| EXERCISE DESCRIPTION |
Using the records below, write out only the lines from the line containing "Invitation Tout En" up to and including the line containing "vidaXL Set de", exactly, with no pictures.

| GIVEN RECORDS |
*-*-*
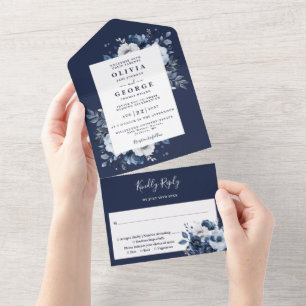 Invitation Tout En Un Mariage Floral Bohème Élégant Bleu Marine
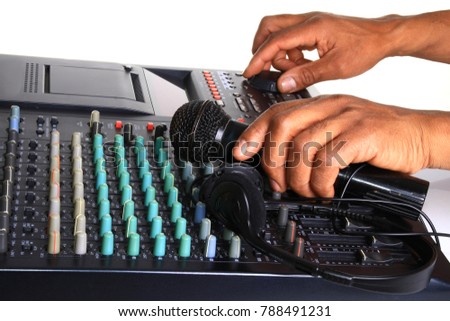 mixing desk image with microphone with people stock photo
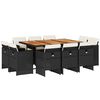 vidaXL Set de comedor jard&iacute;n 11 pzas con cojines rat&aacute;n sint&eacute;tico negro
*-*-*
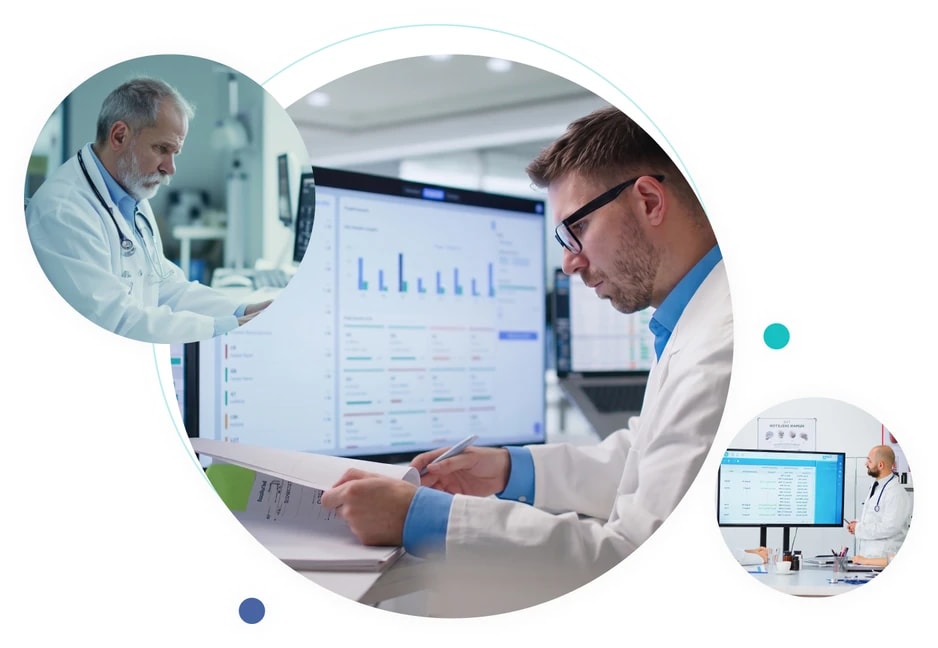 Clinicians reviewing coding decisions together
*-*-*
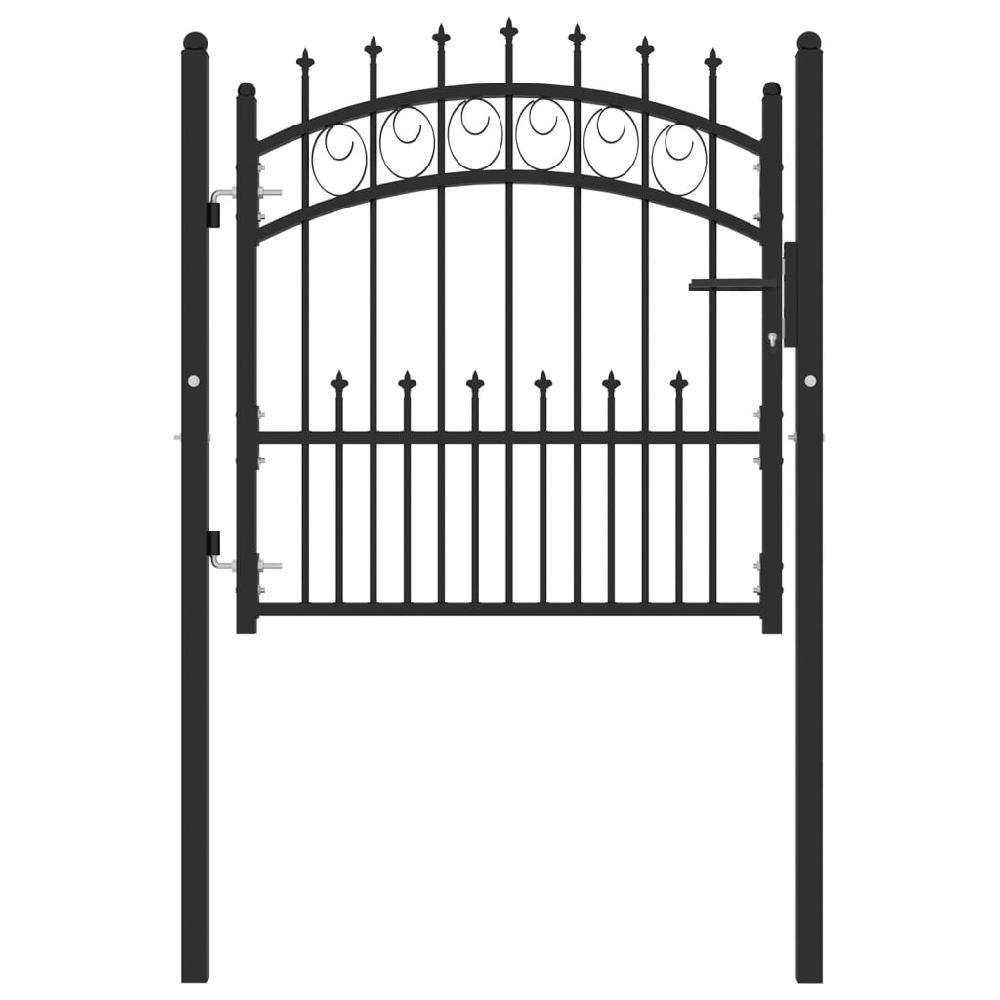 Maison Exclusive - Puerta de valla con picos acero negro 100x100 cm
*-*-*
| EXPECTED ANSWER |
 Invitation Tout En Un Mariage Floral Bohème Élégant Bleu Marine
 mixing desk image with microphone with people stock photo
 vidaXL Set de comedor jard&iacute;n 11 pzas con cojines rat&aacute;n sint&eacute;tico negro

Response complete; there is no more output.